CC> I've had a sort of idea, and I've talked it over with JH and he seems to think
CC> it's sane........
CC> Basicaly the problem with Shep Functions is you've either got to build a true
CC> octature oscillator (pretty damn hard) or you've got to build seven 45 degree
CC> phase shifters that work over a decent frequency range (pretty damn hard as
CC> well)....the problem is the 45 degree shift.... well I can guarantee and
CC> absolutely locked 45 degree shift....#
CC> Basically my idea consists of a dual pot of about a meg or so with one pot in
CC> the frequency control of a 555 timer circuit. This feeds a 4022 divide by 8
CC> counter, if the 555 is running at 8x the speed you want for the Shep function
CC> then you've got 8 outputs 45 degrees apart at the Shep speed......

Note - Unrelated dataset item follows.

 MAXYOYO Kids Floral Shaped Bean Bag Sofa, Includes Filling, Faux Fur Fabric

CC> These eight outputs act as resets on eight separate integrators being fed
CC> current from buffers running off the other part of the dual pot. If the pot is a
CC> Meg and you put 15V into one side and a 10K resistor between the other side and
CC> ground then the output (centre) sweeps between 0.15V and 15V in a basically
CC> loinear fashion. This ensures that as the clock speed of the 555 goes up
CC> (basically linear if all you want is 100:1) then the current being seen by each
CC> integrator goes up, therfore the reset voltage on the integrators stays
CC> constant......try to match the caps in the integrators and trim it in on the
CC> resistance. The voltage at output of the integrators will be pretty low so amp
CC> up to 8V P-P (probably best off trimming here rather than at the integrator
CC> iteself) .....Then you need to extract a 0-10V triangle wave from the sawteeth
CC> and you have a Shep generator...
CC> OK bad points....no VC, good points no insanely matched components. I make it
CC> one 555 a 4022, eight TLO74's and a bunch of R's and C's.....

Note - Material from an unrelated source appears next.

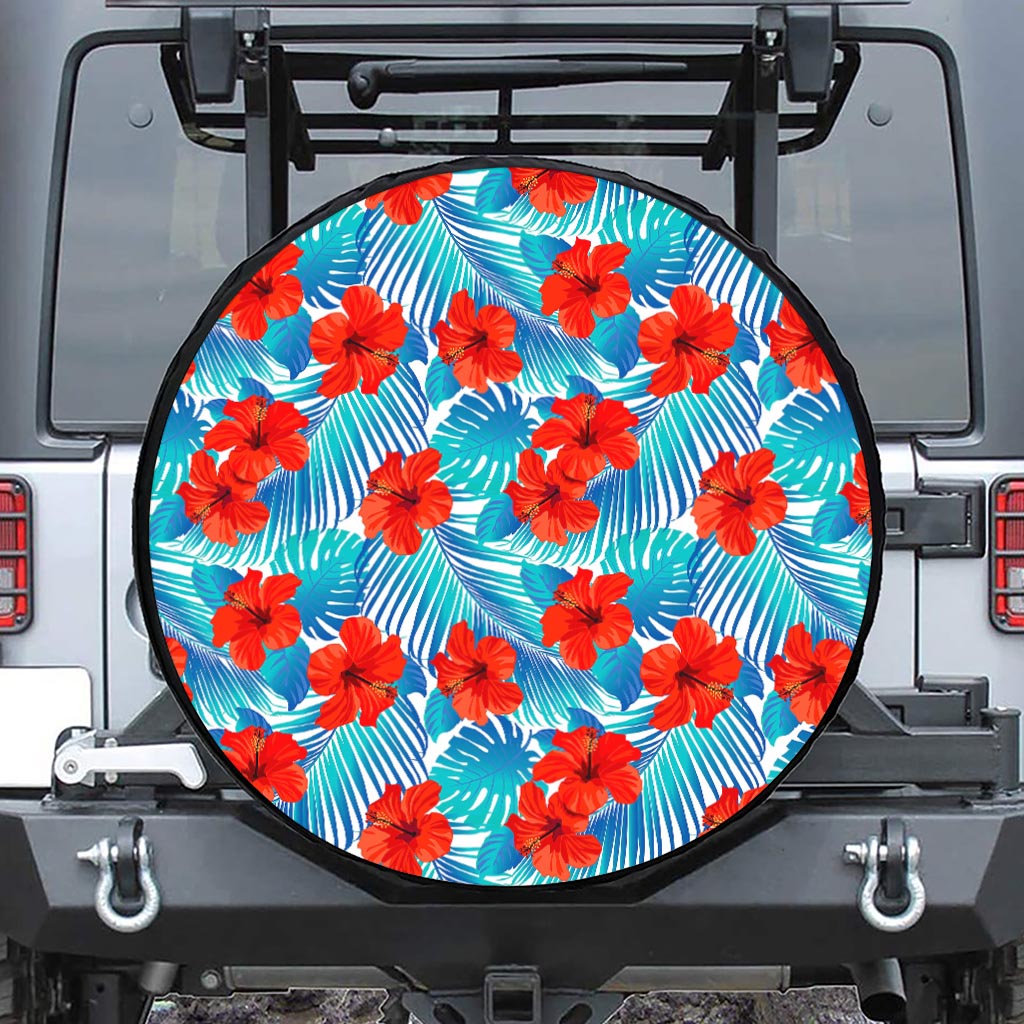 Blue Tropical Hibiscus Pattern Print Leather Spare Tire Cover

CC> If you want VC then you'll need to give it an input for a VCO and one for the
CC> control voltage for the VCO, you'll need a clock divider for the VCO and an expo
CC> converter built into the integrator stage, however you'll only need one expo
CC> converter but with eight outputs, so that's nine matched transistors.....
CC> Anybody willing to run with this, I'm busy ATM so don't hold your breath waiting
CC> for my version.....remember where you heard it first......
All this rings a familiar bell, it sounds like something similar to
the Paia Shepard kit. Just looking at the theory description of it is
quite enlightening. The Shepard kit has CV and envelope out for 8
VCO/VCA stacks.
The Paia kit will do a similar arthmetic in the digital domain but
messing around with the upper bits of the counter in order to generate
the 16 diffrent versions.
I have been thinking about some voltage tricks to achieve similar
effects using just op-amp cursuits from a common oscillator.
The benefit of such a cursuit would be CV-in/CV-out. Look at it as a
saw-wave VCO followed by a custom waveshaper. A gut feeling says that
it can be done but I also think that some minor CMOS coulp help the
sequencing and thus propably reduce the complexity.
I think that your cursuit probably could benefit from taking a good
VCO instead of the 555 to benefit the CV properties. Actually, when
you consider the full complexity of the Shepard generator in action I
think you can motivate the better oscillator.